- [Instructions for the task] Beginning with the line that holds "Mind Map: China Game Plan" and ending with the last line of the entries below, copy every line exactly and nothing else, with the pictures left out.

----

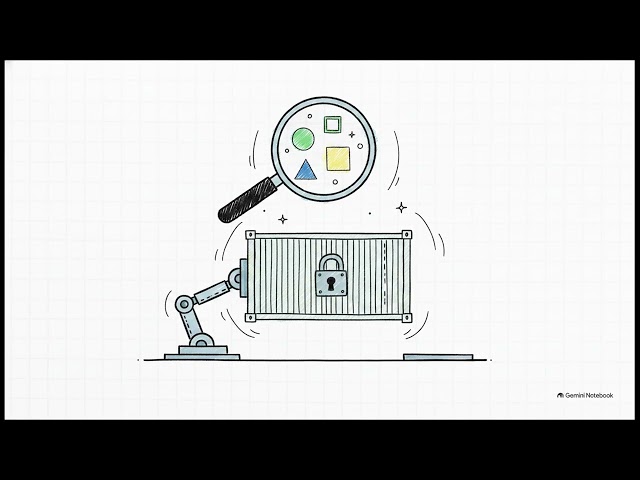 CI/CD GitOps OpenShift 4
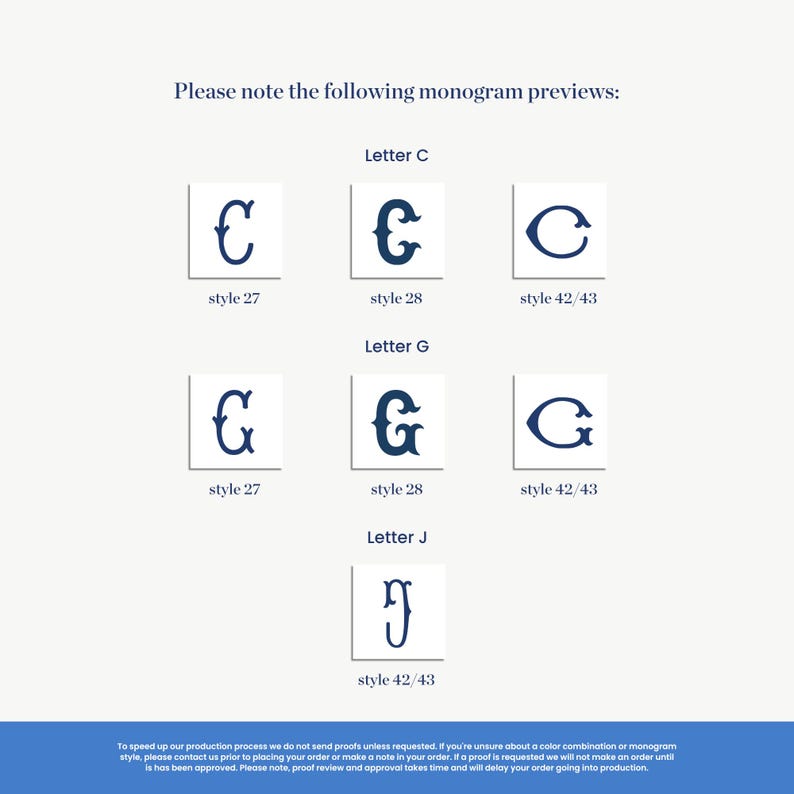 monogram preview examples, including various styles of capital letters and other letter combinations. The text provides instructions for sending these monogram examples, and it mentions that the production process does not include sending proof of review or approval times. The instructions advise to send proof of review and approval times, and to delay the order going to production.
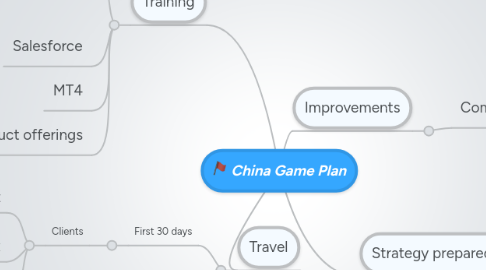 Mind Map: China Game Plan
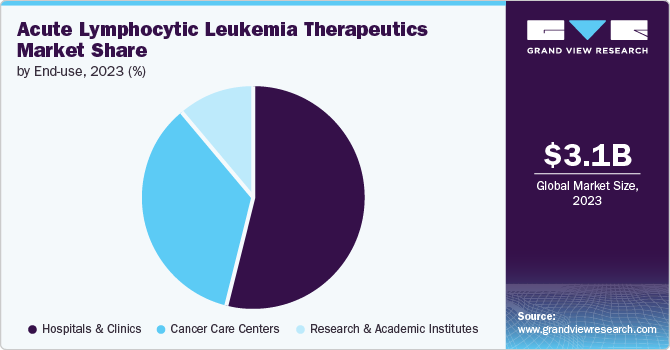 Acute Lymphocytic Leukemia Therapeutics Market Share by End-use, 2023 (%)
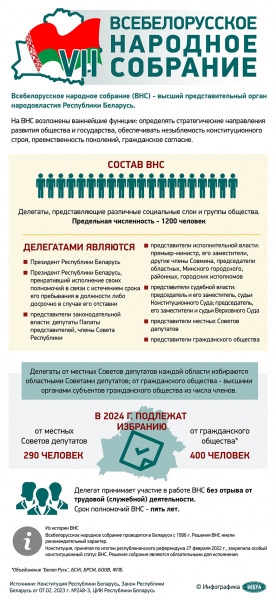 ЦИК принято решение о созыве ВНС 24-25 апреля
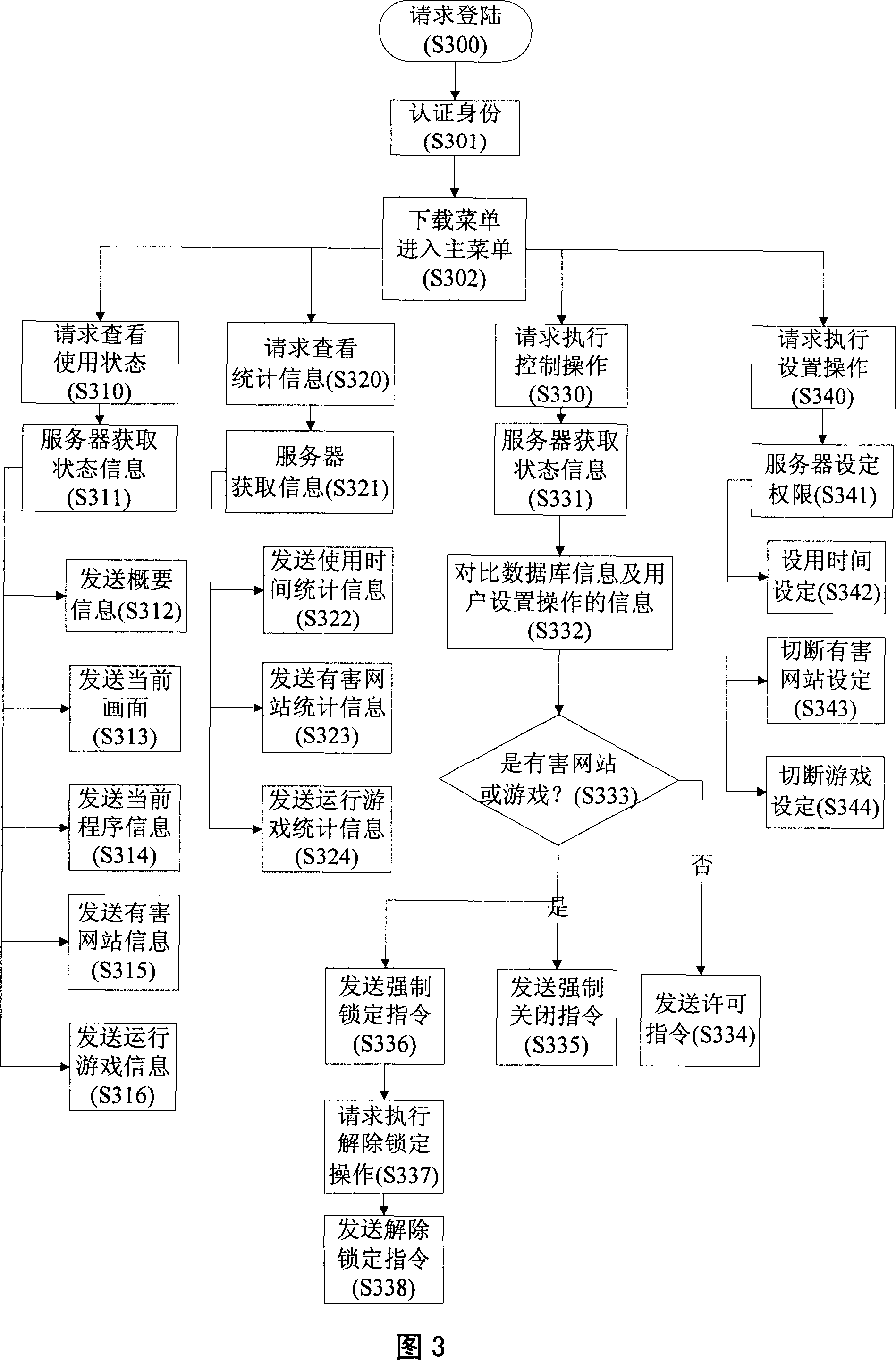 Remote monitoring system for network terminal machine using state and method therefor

----

- [Task result]
 Mind Map: China Game Plan
 Acute Lymphocytic Leukemia Therapeutics Market Share by End-use, 2023 (%)
 ЦИК принято решение о созыве ВНС 24-25 апреля
 Remote monitoring system for network terminal machine using state and method therefor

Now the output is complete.